──────── SUPPLIED RECORDS ────────

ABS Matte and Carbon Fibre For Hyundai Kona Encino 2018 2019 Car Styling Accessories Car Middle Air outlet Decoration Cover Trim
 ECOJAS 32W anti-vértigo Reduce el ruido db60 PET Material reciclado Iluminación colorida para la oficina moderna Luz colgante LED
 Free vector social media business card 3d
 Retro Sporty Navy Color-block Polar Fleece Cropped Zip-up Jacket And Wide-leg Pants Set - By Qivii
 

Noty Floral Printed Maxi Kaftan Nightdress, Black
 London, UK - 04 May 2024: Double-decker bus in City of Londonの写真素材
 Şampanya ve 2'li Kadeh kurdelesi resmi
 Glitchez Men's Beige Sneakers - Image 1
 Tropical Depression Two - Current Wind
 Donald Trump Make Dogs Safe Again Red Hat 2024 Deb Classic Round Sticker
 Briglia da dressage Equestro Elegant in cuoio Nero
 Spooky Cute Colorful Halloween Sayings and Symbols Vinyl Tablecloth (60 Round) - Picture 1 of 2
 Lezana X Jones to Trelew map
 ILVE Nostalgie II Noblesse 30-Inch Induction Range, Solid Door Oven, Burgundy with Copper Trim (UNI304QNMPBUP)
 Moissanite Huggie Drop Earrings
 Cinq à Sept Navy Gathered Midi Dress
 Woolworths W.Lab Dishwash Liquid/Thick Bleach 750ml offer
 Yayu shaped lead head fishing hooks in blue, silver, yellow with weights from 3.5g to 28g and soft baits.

────────

TASK OBJECTIVE - Beginning with the first line, transcribe the complete listing exactly.

YOUR RESPONSE -
ABS Matte and Carbon Fibre For Hyundai Kona Encino 2018 2019 Car Styling Accessories Car Middle Air outlet Decoration Cover Trim
 ECOJAS 32W anti-vértigo Reduce el ruido db60 PET Material reciclado Iluminación colorida para la oficina moderna Luz colgante LED
 Free vector social media business card 3d
 Retro Sporty Navy Color-block Polar Fleece Cropped Zip-up Jacket And Wide-leg Pants Set - By Qivii
 

Noty Floral Printed Maxi Kaftan Nightdress, Black
 London, UK - 04 May 2024: Double-decker bus in City of Londonの写真素材
 Şampanya ve 2'li Kadeh kurdelesi resmi
 Glitchez Men's Beige Sneakers - Image 1
 Tropical Depression Two - Current Wind
 Donald Trump Make Dogs Safe Again Red Hat 2024 Deb Classic Round Sticker
 Briglia da dressage Equestro Elegant in cuoio Nero
 Spooky Cute Colorful Halloween Sayings and Symbols Vinyl Tablecloth (60 Round) - Picture 1 of 2
 Lezana X Jones to Trelew map
 ILVE Nostalgie II Noblesse 30-Inch Induction Range, Solid Door Oven, Burgundy with Copper Trim (UNI304QNMPBUP)
 Moissanite Huggie Drop Earrings
 Cinq à Sept Navy Gathered Midi Dress
 Woolworths W.Lab Dishwash Liquid/Thick Bleach 750ml offer
 Yayu shaped lead head fishing hooks in blue, silver, yellow with weights from 3.5g to 28g and soft baits.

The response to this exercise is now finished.